Waddell sold on May 6 a large order of e-mini contracts during a 20-minute span in which U.S. equity markets plunged, briefly wiping out nearly $1 trillion in market capital, the internal document from CME Group Inc said.
The e-minis are one of the most liquid futures contracts in the world, providing holders exposure to the benchmark Standard & Poors 500 Index. The contracts can act as a directional indicator for the underlying stock index.
Regulators and exchange officials quickly focused on Waddell's sale of 75,000 e-mini contracts, which the document said "superficially appeared to be anomalous activity."
Gary Gensler, chairman of the Commodity Futures Trading Commission, said in congressional testimony on Tuesday that it had found one sale was responsible for about 9 percent of the volume in e-minis during the sell-off in the U.S. markets.

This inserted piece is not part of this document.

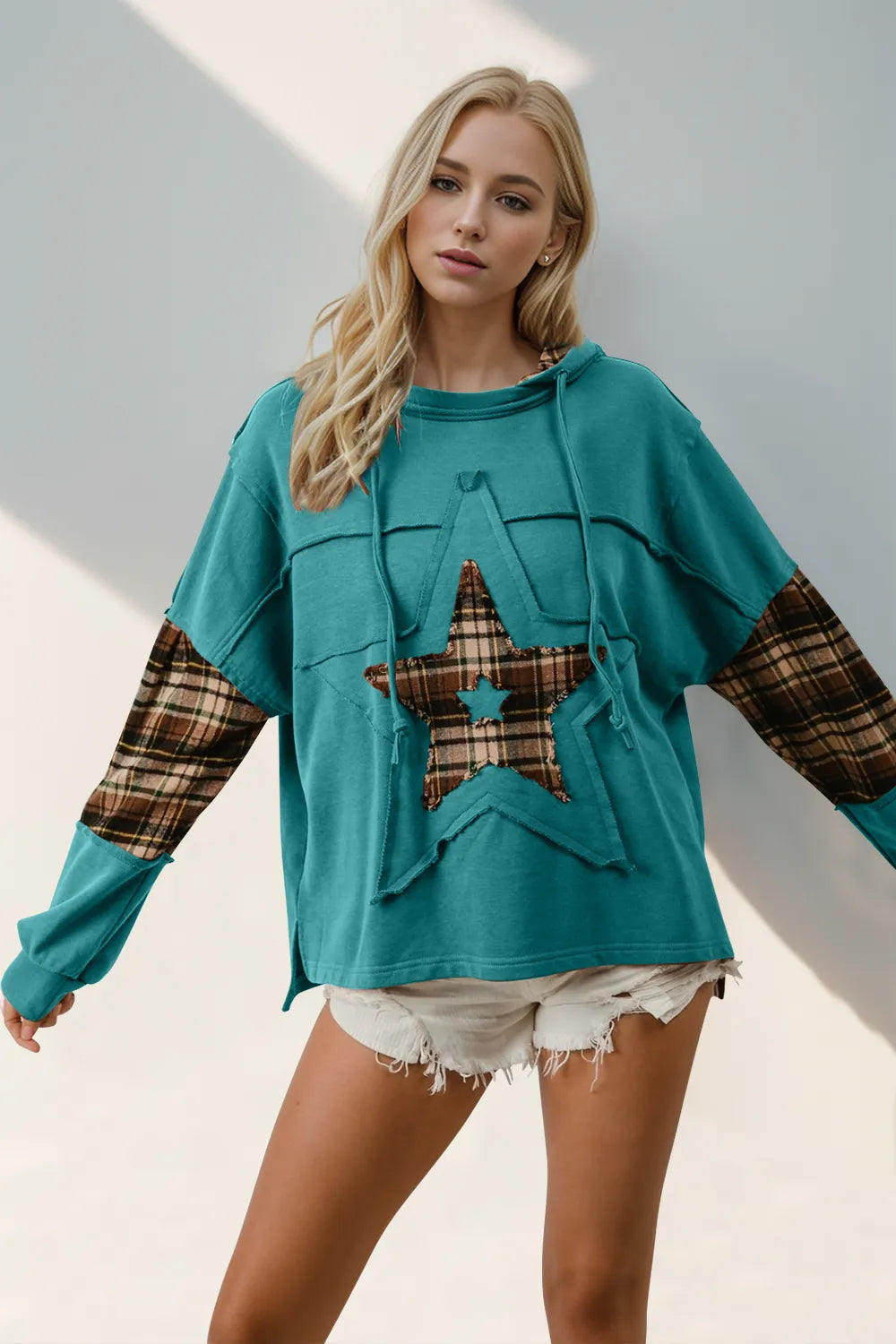 Double Take Drawstring Plaid Star Patch Long Sleeve Hoodie — Livostyle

Gensler said there was no suggestion that the trader, who he did not identify, did anything wrong in only entering orders to sell. Gensler said data shows that the trades appeared to be a bona fide hedging strategy.
The CME document shows that during the sell-off and subsequent rally, other active traders in e-minis included Jump Trading, Goldman Sachs, Interactive Brokers, JPMorgan Chase and Citadel Group.
(Excerpt) Read more at news.fidelity.com ...
It sucks to be them today. Goldman-Sachs and Morgan Stanley are breathing a sigh of relief.
Wow. My wife used to work for Waddell. I bet she’s glad she doesn’t now!
Having said that, this is the second time in just a couple of mionths that I've become aware of a huge market fluctuation that nobody saw coming, didn't know what to do, and during a window of opportunity opened that could have killed the US economy unless some 'faithful, patriotic watchdog' of some sort put the kibosh on the 'run', a lot of money was made/stolen/hustled from sincere and otherwise hinest investors
If this is true .. has it always been happening or is it a relatively new phenomenom?
Even if this was the initial trigger, It still was the high frequency computers With there sell levels pre-set that caused it all to escalate. It had to be for everything to react as fast as it did. They are covering that up.
I’m not seeing why what they did was wrong.
They sold stuff. You’re allowed to do that on the stock market. What am I missing?
Who is that?
If you use other people’s money (clients), to be used as pawns to further the firm’s position....
Clearly a conflict of interest, and violates the exchange rules, and is pure fraud in its most simple terms.
There, does that help you understand the situation?
::Bangs head against keyboard in frustration::
IT'S WADDELL!!! Who'd you think it was???
I find it incredibly concerning, that after 2002, 2008/2009, that where we stand today, corruption is actually getting worse. Muni insurers, ratings agencies, institutional traders, mega finance firms, hedge funds.... of all those corrupt entities, you see anyone paying the price for the corruption and fraud they are responsible for? In the absence of justice or punishment, the situation is getting worse and worse. Frankly, it is frightening to me, and I’m an 18 year veteran of this business.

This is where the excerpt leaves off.